TINTORETTO
(b. 1518, Venezia, d. 1594, Venezia)

The Flight into Egypt

1582-87
Oil on canvas, 422 x 580 cm
Scuola Grande di San Rocco, Venice

As so often with Tintoretto, this painting is matched with the utmost exactitude to its situation on the ground floor Sala Inferiore of the Scuola Grande di San Rocco: in the arching branch on the left, the curve of the palm fronds on the right, and the roughly circular view of the sky at the centre, the painter echoes the shape of the windows flanking the picture with astonishing precision. Like the needy people who waited for charitable donations on the bench below the painting, the Holy Family seems to be fleeing hopefully out of the picture and into the Sala Inferiore of the Confraternity of St Roch itself.

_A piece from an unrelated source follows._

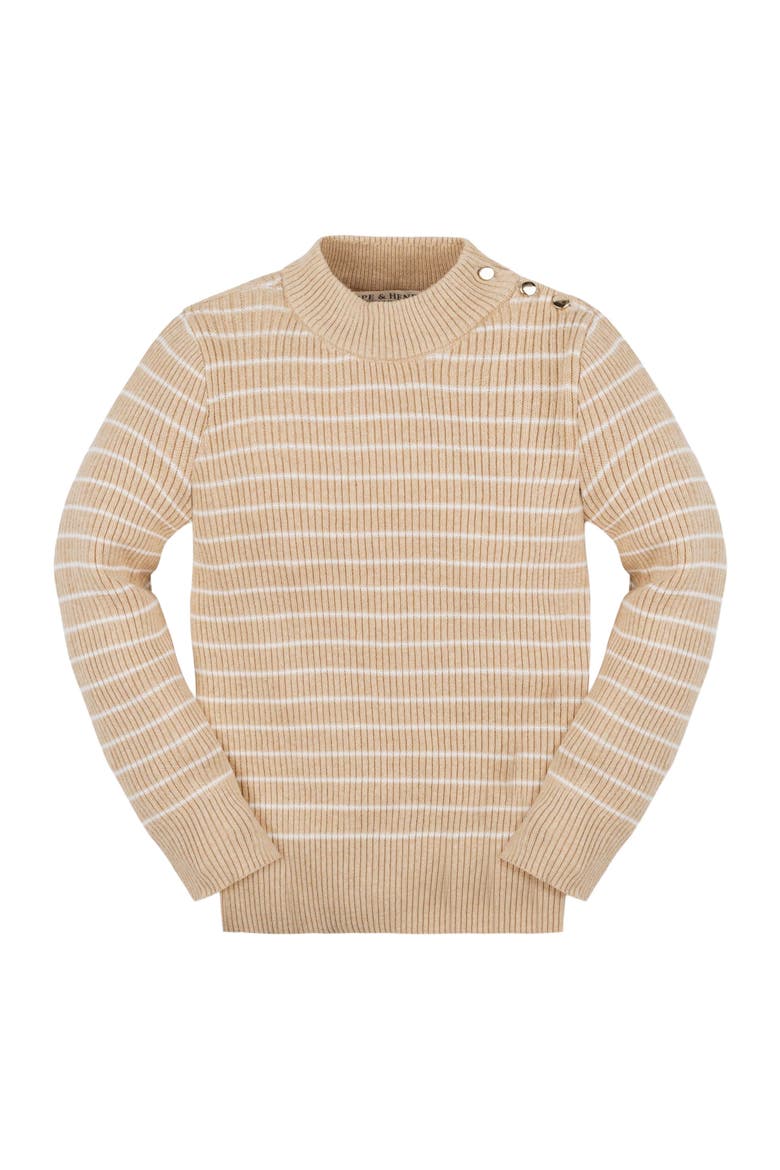 Girls' Organic Mock Neck Sweater, Kids, Main, color, Oatmeal Heather Stripe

In the wooded hollow, after furtively avoiding every inhabited place, Mary and Joseph together with the Holy Child, prepare to take a rest. On the left, in the foreground, in the web of dull greens, browns and whites of the landscape, the group of fugitives and their humble packs are depicted with concise reality in every element of form and colour. On the right the landscape scene, built up with extraordinary, quick brush-strokes and enlarged into fathomless depths, opens out.

Tintoretto's sensitivity to simple and popular forms of religious practice, with subdued yet mystical overtones, here produce an intensely poetic effect. The trees, water, living creatures, and clouds all seem caressed by a glimmering light that gives them an unearthly intensity.